Optellum and Liongard have hired two new members to their executive teams. Photos courtesy

A couple of Houston tech startups have recently announced new appointments to their C-suites. A med tech company with its national headquarters in Houston has a new leader, and a Houston software has a new exec focused on strategy.

Optellum names new CEO

Jason Pesterfield will lead United States operations for Optellum. Photo courtesy of Optellum

Optellum, a medical software startup based in the United Kingdom and has its United States HQ in Houston, has appointed Jason Pesterfield as CEO to lead growth in the U.S. clinical market. Optellum AI-based software enhances early lung cancer diagnosis and therapy with its medical device software platform, Virtual Nodule Clinic.

Pesterfield was previously the president and CEO of Veran Medical Technologies, a leader in image-guided lung cancer diagnosis. He brings 25 years of leadership experience in the medtech sector. Optellum was founded by Václav Potěšil, Lyndsey Pickup, Timor Kadir, Professor Sir Mike Brady, and Jérôme Declerck.

"It took us almost a year to find the right successor who shares our vision and has the right expertise to take Optellum on to the next stage of growth," says Potěšil in a news release. "I am really excited to work with Jason, to make Optellum's platform available to every clinician in the USA and around the world, and to help them diagnose their lung cancer patients as early as possible. With Jason on board, I can focus on advancing Optellum's vision to transform early lung cancer therapy through partnerships that harness the power of AI software combined with molecular diagnostics, robotics and interventional devices, and drugs."

Liongard announces chief strategy officer

Patrick Schneidau is the chief strategy officer for Liongard. Photo courtesy

​Houston software-as-a-service company, Liongard, has named Patrick Schneidau as chief strategy officer. The company, founded in 2015, was a 2021 InnovationMap Awards finalist and reported that the team was looking to expand by around 70 new hires over the next year.

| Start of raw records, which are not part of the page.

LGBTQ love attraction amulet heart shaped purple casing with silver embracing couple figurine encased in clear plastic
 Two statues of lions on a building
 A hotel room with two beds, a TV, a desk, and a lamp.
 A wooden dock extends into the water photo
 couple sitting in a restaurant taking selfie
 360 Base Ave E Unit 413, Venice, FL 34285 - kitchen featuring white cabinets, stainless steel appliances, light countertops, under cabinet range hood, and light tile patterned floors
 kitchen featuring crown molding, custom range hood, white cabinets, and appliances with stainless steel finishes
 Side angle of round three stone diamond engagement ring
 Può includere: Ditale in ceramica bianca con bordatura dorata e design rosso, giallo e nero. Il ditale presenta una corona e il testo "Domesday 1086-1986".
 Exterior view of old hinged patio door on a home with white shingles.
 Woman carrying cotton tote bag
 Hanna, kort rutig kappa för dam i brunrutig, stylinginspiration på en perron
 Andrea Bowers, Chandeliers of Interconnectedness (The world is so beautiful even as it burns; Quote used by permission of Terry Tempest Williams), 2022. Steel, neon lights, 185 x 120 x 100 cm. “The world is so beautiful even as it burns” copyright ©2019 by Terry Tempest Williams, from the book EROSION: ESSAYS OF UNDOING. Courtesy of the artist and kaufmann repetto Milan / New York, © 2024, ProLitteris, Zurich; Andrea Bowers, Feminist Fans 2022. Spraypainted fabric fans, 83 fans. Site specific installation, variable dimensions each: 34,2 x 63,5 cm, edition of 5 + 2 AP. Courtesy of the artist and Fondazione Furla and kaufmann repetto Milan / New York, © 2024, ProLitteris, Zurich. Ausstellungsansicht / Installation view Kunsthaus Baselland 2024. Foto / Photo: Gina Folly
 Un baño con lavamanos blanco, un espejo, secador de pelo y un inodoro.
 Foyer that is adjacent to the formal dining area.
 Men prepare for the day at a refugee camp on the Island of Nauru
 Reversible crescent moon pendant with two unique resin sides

"Liongard is an incredible Houston growth story," Schneidau tells InnovationMap. "Our founders, Joe Alapat and Vincent Tran, have built a first-class team that allow technology service providers to operate at 10x by providing unprecedented insight and data into the systems deployed in the modern IT stack. In a rapidly growing market, they are quickly becoming 'must have' technology. I'm excited to join to team to accelerate their growth into new markets and with new products."

Schneidau spent over a decade at Houston-based PROS before serving in C-level positions at two other Houston startups — Commtrex and Truss. He's also previously served as talent committee chair for Houston Exponential.